The client needed to rapidly deploy accurate real estate valuation services across multiple international markets, each with unique data patterns and regulatory environments. This required building, deploying, and maintaining several high-availability Machine Learning (ML) models and APIs. The team faced challenges related to cost efficiency, service latency, and the need for rigorous MLOps practices to handle frequent model retraining and deployment across a global infrastructure.

Task

My core task was to serve as the full-stack MLOps engineer and model owner for the predictive pricing service. This involved:

Service Ownership: Developing and owning the full lifecycle of multiple ML models and their serving APIs across different markets.
Performance & Cost Optimization: Significantly reducing GCP storage costs and decreasing API latency to meet client expectations for a real-time service.
Infrastructure Reliability: Implementing best practices for CI/CD, access control, and data pipeline reliability using Kubernetes and GCP services.

Action

I executed a comprehensive set of actions across model development, infrastructure, and deployment to ensure a scalable and reliable service:

A. Model Development and Service Leadership

Full Ownership: I owned the development of 5 distinct ML models for real estate pricing, tailored for various operational markets.
API Development & MLOps: I led the development of 3 initial backend APIs serving these ML models. By rigorously following MLOps best practices and CI/CD with Kubernetes, this initial success led to extended client engagement with 2 more APIs.
On-Call Responsibility: I served as the primary on-call engineer for the 5 APIs deployed on the Kubernetes CI/CD system, ensuring high-availability operations across all international markets.

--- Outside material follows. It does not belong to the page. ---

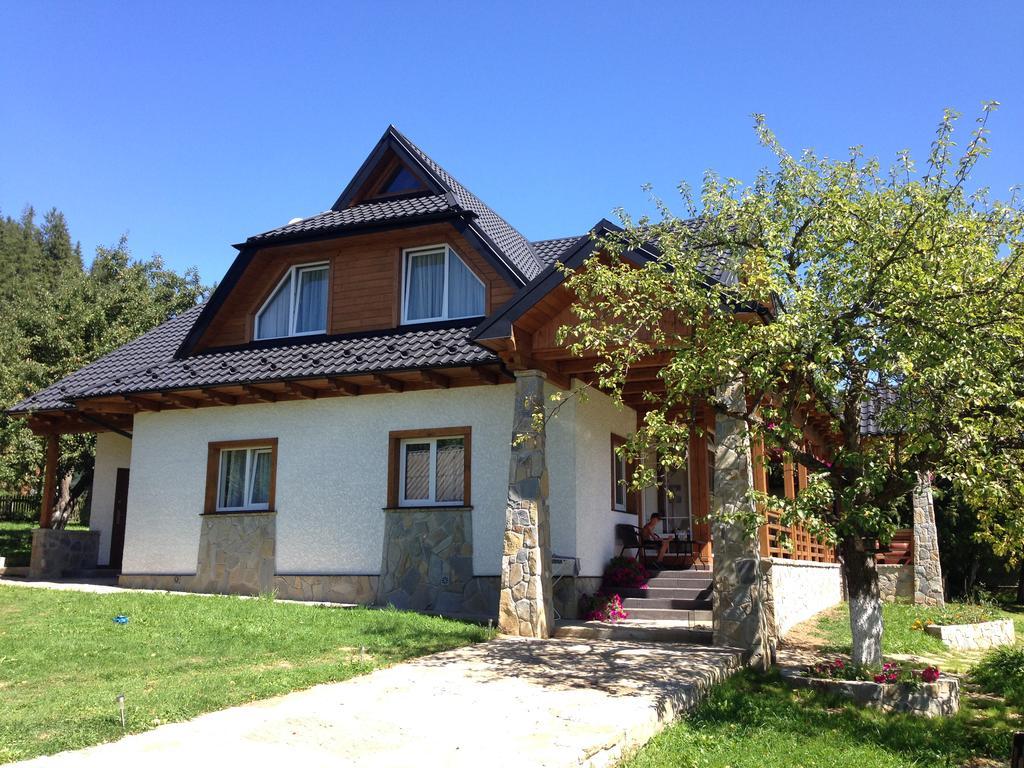 Cottage Familiya Verkhovyna Dış mekan fotoğraf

B. Cost and Performance Optimization

Cost Reduction: I analyzed the output format of the ML models and optimized the data serialization, successfully reducing recurring GCP storage costs by optimizing ML output file size by an order of 10.
Latency Reduction: I identified data fetching as a key bottleneck and implemented a caching layer for query results on GCP BigQuery, which reduced latency per ML API call by 3 seconds, significantly improving the real-time user experience.

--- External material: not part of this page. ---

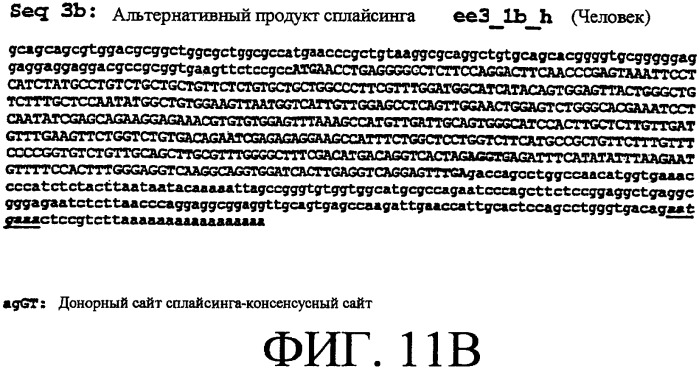Ее3-семейство белков и соответствующие днк-последовательности (патент 2333918)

C. Productionization and Governance

Data Pipeline Ownership: I handled data ingestion, processing, and monitoring data pipelines necessary for weekly model retraining and data integrity.
Access Control: I established strong security and operational governance by configuring access for team members with GCP IAM and K8s RBAC, ensuring secure and granular control over the production environment.

Result

My focus on reliable MLOps and service optimization delivered a high-performance, cost-efficient, and trustworthy product:

Extended Client Engagement: The robust deployment and reliable service, driven by following MLOps best practices and CI/CD with Kubernetes, led to extended client engagement with 2 more APIs being developed.
Financial Efficiency: I significantly reduced recurring GCP storage costs by optimizing ML output file size by an order of 10, resulting in tangible operational savings for the client.
Service Performance: By caching data for queries on GCP BigQuery, the service saw a marked reduction in latency per ML API call by 3 seconds, improving user experience and system reliability.
Reliable Infrastructure: The end-to-end management of the data pipelines and Kubernetes deployment established a stable foundation for the client’s international real estate valuation service.